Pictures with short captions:

/---

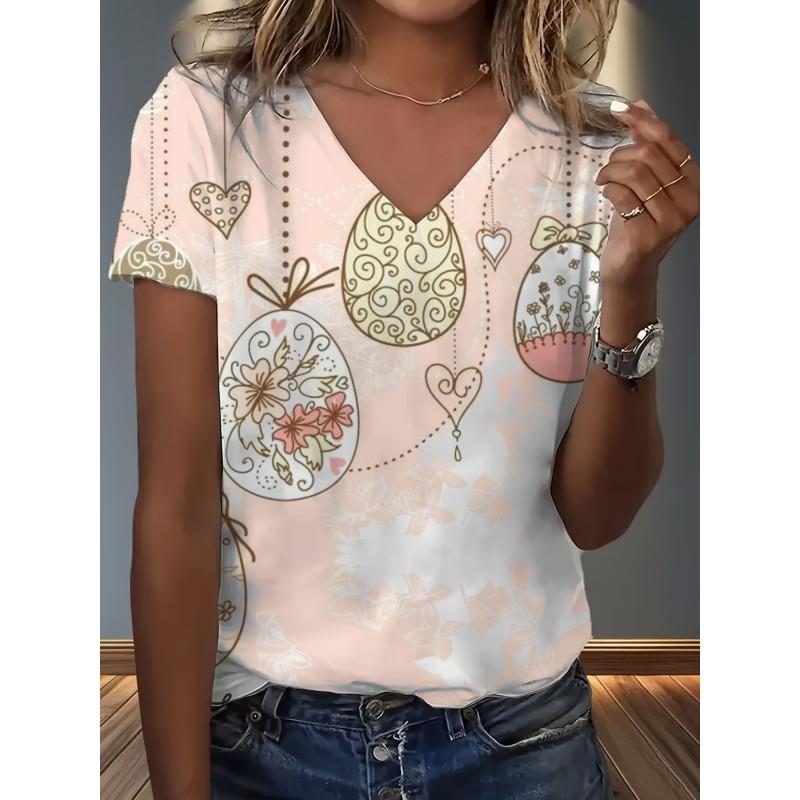 Womens V-Neck Loose Fit Short Sleeve T-Shirt With Colorful Geometric Starry Print Casual Top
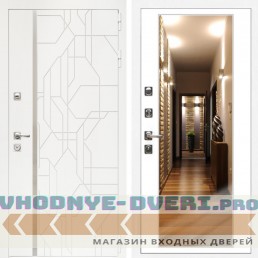 Входная дверь Inteko Верона + Зеркало белый софт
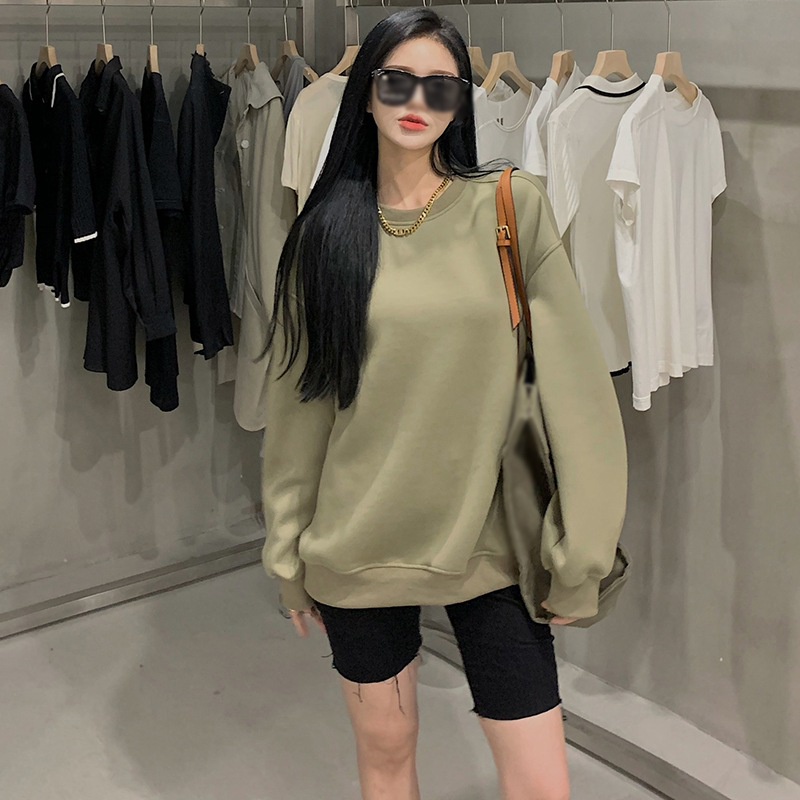Áo hoodie dài tay màu trơn thời trang nữ tính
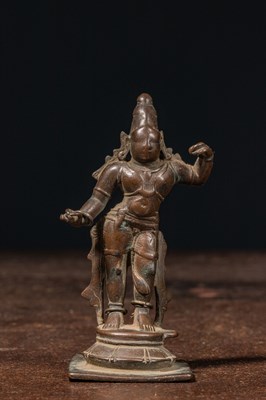 Lot 28 - STANDING BRONZE RAMA NEPAL 16TH CENTURY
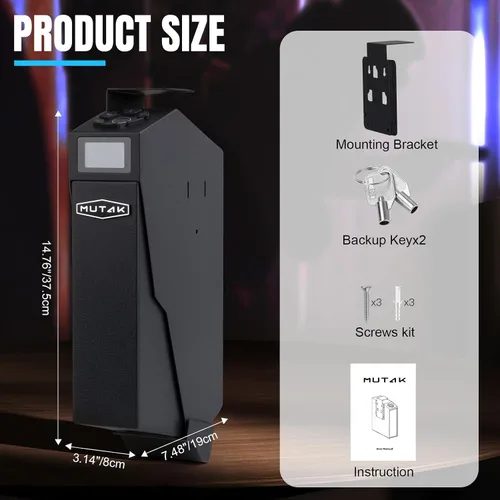 Miniatura 9 de Caja fuerte para pistola de mano, caja fuerte biométrica con apertura biométrica, 3 formas de acceso rápido con huella dactilar/código PIN/CLAVE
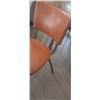 Image 9 : Dining Set: Round Wood Table, 3 Orange Vinyl Chairs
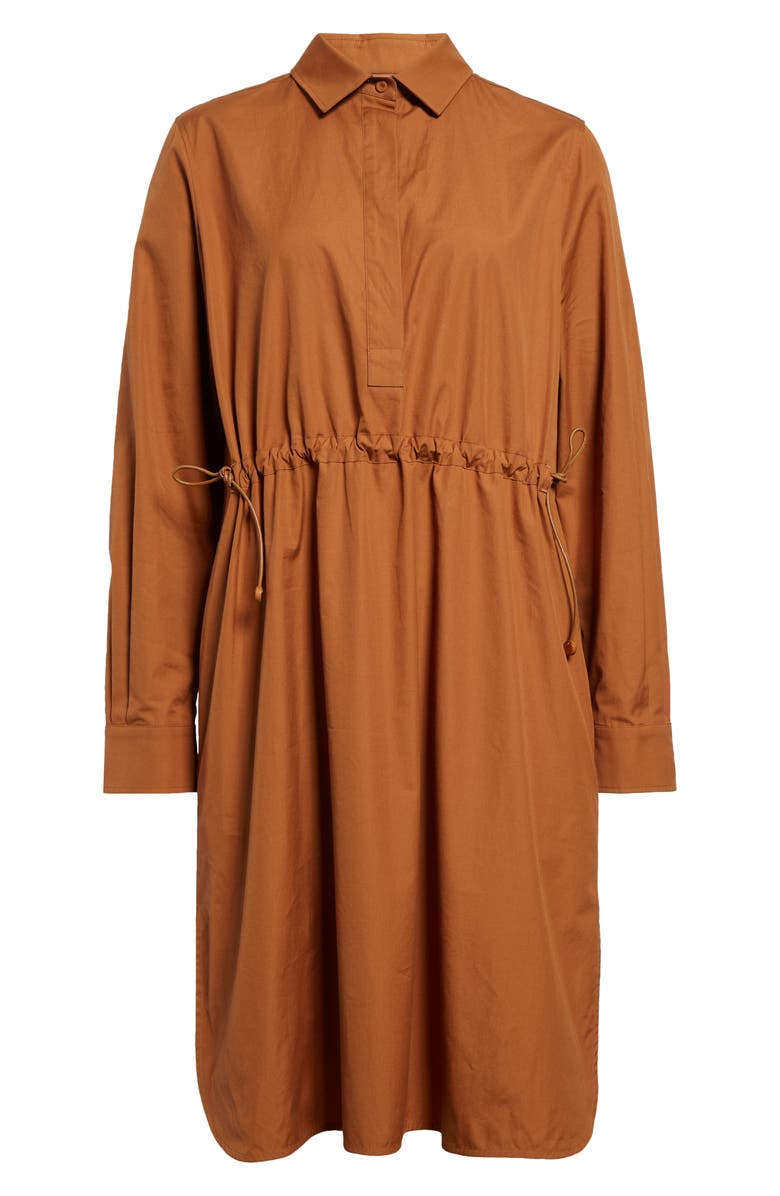 Max Mara Juanita Cinch Waist Long Sleeve Poplin Shirtdress, Alternate, color, 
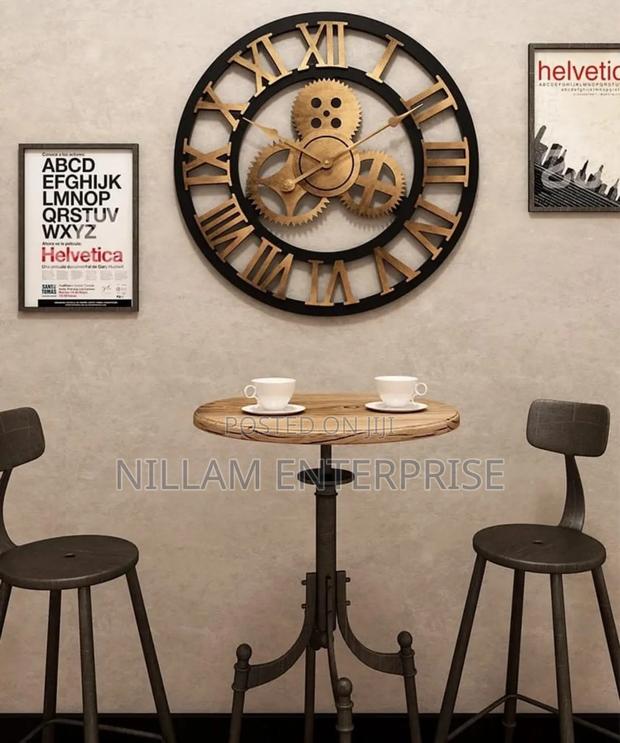 3D Roman Vintage Gear Pocket Wall Clock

\---

• [What the exercise asks]: Copy out the entries exactly. No pictures.

• [Expected answer]:
 Womens V-Neck Loose Fit Short Sleeve T-Shirt With Colorful Geometric Starry Print Casual Top
 Входная дверь Inteko Верона + Зеркало белый софт
Áo hoodie dài tay màu trơn thời trang nữ tính
 Lot 28 - STANDING BRONZE RAMA NEPAL 16TH CENTURY
 Miniatura 9 de Caja fuerte para pistola de mano, caja fuerte biométrica con apertura biométrica, 3 formas de acceso rápido con huella dactilar/código PIN/CLAVE
 Image 9 : Dining Set: Round Wood Table, 3 Orange Vinyl Chairs
 Max Mara Juanita Cinch Waist Long Sleeve Poplin Shirtdress, Alternate, color, 
 3D Roman Vintage Gear Pocket Wall Clock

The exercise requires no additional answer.